What role is being played by the buffer parameters in the above snippet ?

404 link to "documentation" not found. – Pradeep Singh Mar 23 '20 at 06:53 — Pradeep Singh, Mar 23 '20 at 06:53

score 186 · Accepted Answer · edited Nov 13 '17 at 08:59

TL;DR Despite their similar names, these arguments have quite difference meanings. The buffer_size in Dataset.shuffle() can affect the randomness of your dataset, and hence the order in which elements are produced. The buffer_size in Dataset.prefetch() only affects the time it takes to produce the next element.
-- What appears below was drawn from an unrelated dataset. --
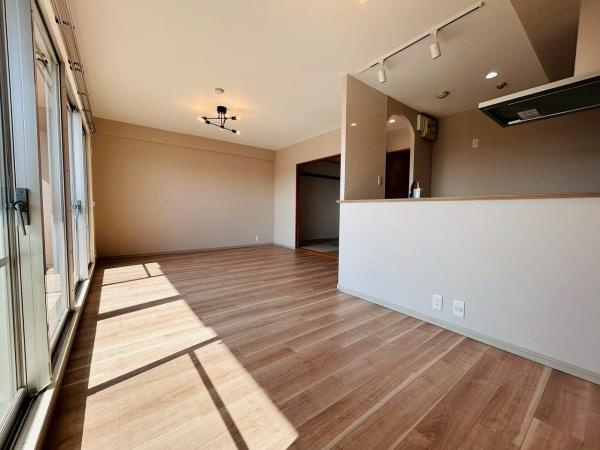 【居間・リビング】 | コート和泉府中セルカC棟　中古マンション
The buffer_size argument in tf.data.Dataset.prefetch() and the output_buffer_size argument in tf.contrib.data.Dataset.map() provide a way to tune the performance of your input pipeline: both arguments tell TensorFlow to create a buffer of at most buffer_size elements, and a background thread to fill that buffer in the background. (Note that we removed the output_buffer_size argument from Dataset.map() when it moved from tf.contrib.data to tf.data. New code should use Dataset.prefetch() after map() to get the same behavior.)

Adding a prefetch buffer can improve performance by overlapping the preprocessing of data with downstream computation. Typically it is most useful to add a small prefetch buffer (with perhaps just a single element) at the very end of the pipeline, but more complex pipelines can benefit from additional prefetching, especially when the time to produce a single element can vary.
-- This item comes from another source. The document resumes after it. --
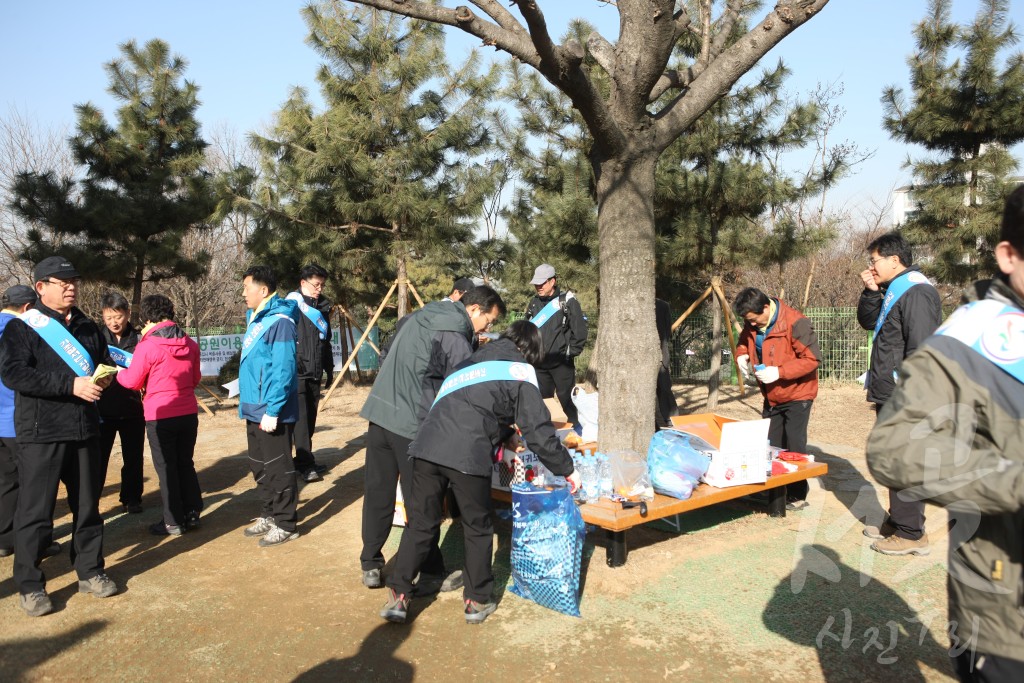 본청 간부공무원 자연보호 활동 및 등반대회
By contrast, the buffer_size argument to tf.data.Dataset.shuffle() affects the randomness of the transformation. We designed the Dataset.shuffle() transformation (like the tf.train.shuffle_batch() function that it replaces) to handle datasets that are too large to fit in memory. Instead of shuffling the entire dataset, it maintains a buffer of buffer_size elements, and randomly selects the next element from that buffer (replacing it with the next input element, if one is available). Changing the value of buffer_size affects how uniform the shuffling is: if buffer_size is greater than the number of elements in the dataset, you get a uniform shuffle; if it is 1 then you get no shuffling at all. For very large datasets, a typical "good enough" approach is to randomly shard the data into multiple files once before training, then shuffle the filenames uniformly, and then use a smaller shuffle buffer. However, the appropriate choice will depend on the exact nature of your training job.
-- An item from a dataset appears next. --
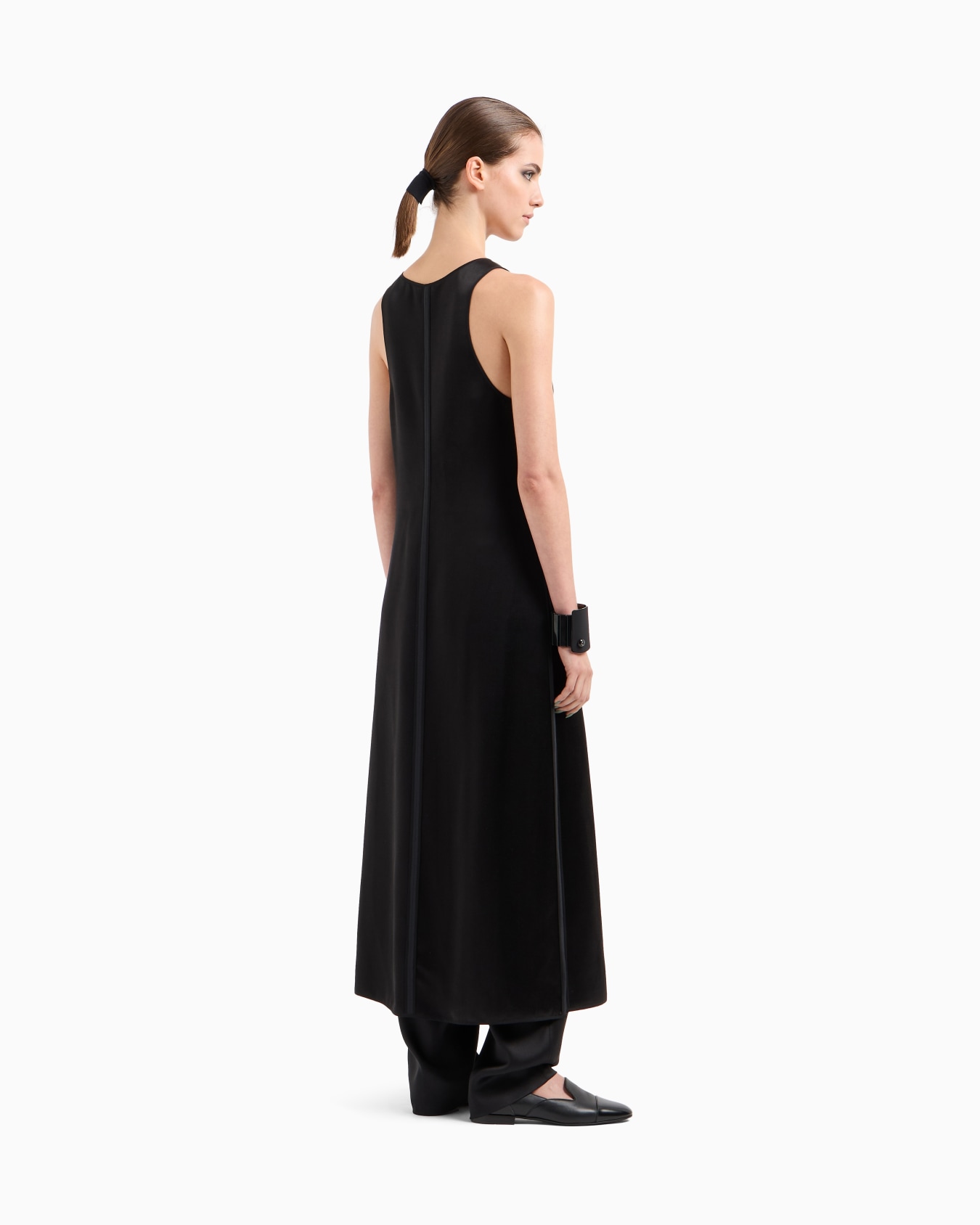 Tussah silk satin long gilet Slide 3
For this explanation, I still have some confusions w.r.t `tf.data.Dataset.shuffle()`. I would like to know the exact shuffling process. Say, the first `batch_size` samples are randomly chosen from the first `buffer_size` elements, and so on. — Bs He, Jul 10 '18 at 21:20
@mrry IIUC shuffling filenames is important because otherwise each epoch will see the same element in batches 0...999; and in batches 1000.1999; etc., where I assume 1 file = 1000 batches. Even with filename shuffling, there's still some non-randomness: that's because the examples from file #k are all close to each other in every epoch. That might be not too bad since file #k itself is random; still in some cases, even that could mess up the training. The only way to obtain perfect shuffle would be to set `buffer_size` to equal the file size (and shuffle the files of course). — max, Jan 04 '19 at 06:45
Tensorflow rc 15.0. With `dataset.shuffle(buffer_size=1)` shuffling still occurs. Any thoughts? — Sergey Bushmanov, Sep 29 '19 at 18:44
@SergeyBushmanov it may depend on the transformation before your shuffle, e.g. list_files(), which shuffles the filenames in the begining of every epoch by default. — Xiaolong, Oct 11 '19 at 06:49

Olivier Moindrot · Answer 2 · 2018-04-06T14:27:56.240

Importance of `buffer_size` in `shuffle()`

I wanted to follow up on the previous answer from @mrry to stress the importance of buffer_size in tf.data.Dataset.shuffle().

Having a low buffer_size will not just give you inferior shuffling in some cases: it can mess up your whole training.

A practical example: cat classifier

Suppose for instance that you are training a cat classifier on images, and your data is organized in the following way (with 10000 images in each category):

train/
    cat/
        filename_00001.jpg
        filename_00002.jpg
        ...
    not_cat/
        filename_10001.jpg
        filename_10002.jpg
        ...

A standard way to input data with tf.data can be to have a list of filenames and a list of corresponding labels, and use tf.data.Dataset.from_tensor_slices() to create the dataset:

filenames = ["filename_00001.jpg", "filename_00002.jpg", ..., 
             "filename_10001.jpg", "filename_10002.jpg", ...]
labels = [1, 1, ..., 0, 0...]  # 1 for cat, 0 for not_cat

dataset = tf.data.Dataset.from_tensor_slices((filenames, labels))
dataset = dataset.shuffle(buffer_size=1000)  # 1000 should be enough right?
dataset = dataset.map(...)  # transform to images, preprocess, repeat, batch...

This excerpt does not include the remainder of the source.